→ **What you need to do**: From the records below, copy out exactly the lines from the one containing "In Xətai rayonu" to the one containing "Witcher 3 - Priscilla's", both included. Add nothing else.

→ **Available data**:
== Segment start ==

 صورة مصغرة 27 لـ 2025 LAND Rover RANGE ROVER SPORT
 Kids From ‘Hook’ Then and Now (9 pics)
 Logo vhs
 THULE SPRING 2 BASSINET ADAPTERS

== Segment end ==
== Segment start ==

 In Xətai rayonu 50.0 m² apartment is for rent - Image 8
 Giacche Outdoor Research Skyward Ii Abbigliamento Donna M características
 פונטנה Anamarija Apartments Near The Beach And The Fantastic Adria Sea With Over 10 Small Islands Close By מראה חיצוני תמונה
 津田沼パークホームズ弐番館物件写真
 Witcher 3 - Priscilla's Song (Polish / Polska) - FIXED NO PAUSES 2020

== Segment end ==
== Segment start ==

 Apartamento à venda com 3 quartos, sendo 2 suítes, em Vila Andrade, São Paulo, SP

== Segment end ==

→ **Final answer**:
 In Xətai rayonu 50.0 m² apartment is for rent - Image 8
 Giacche Outdoor Research Skyward Ii Abbigliamento Donna M características
 פונטנה Anamarija Apartments Near The Beach And The Fantastic Adria Sea With Over 10 Small Islands Close By מראה חיצוני תמונה
 津田沼パークホームズ弐番館物件写真
 Witcher 3 - Priscilla's Song (Polish / Polska) - FIXED NO PAUSES 2020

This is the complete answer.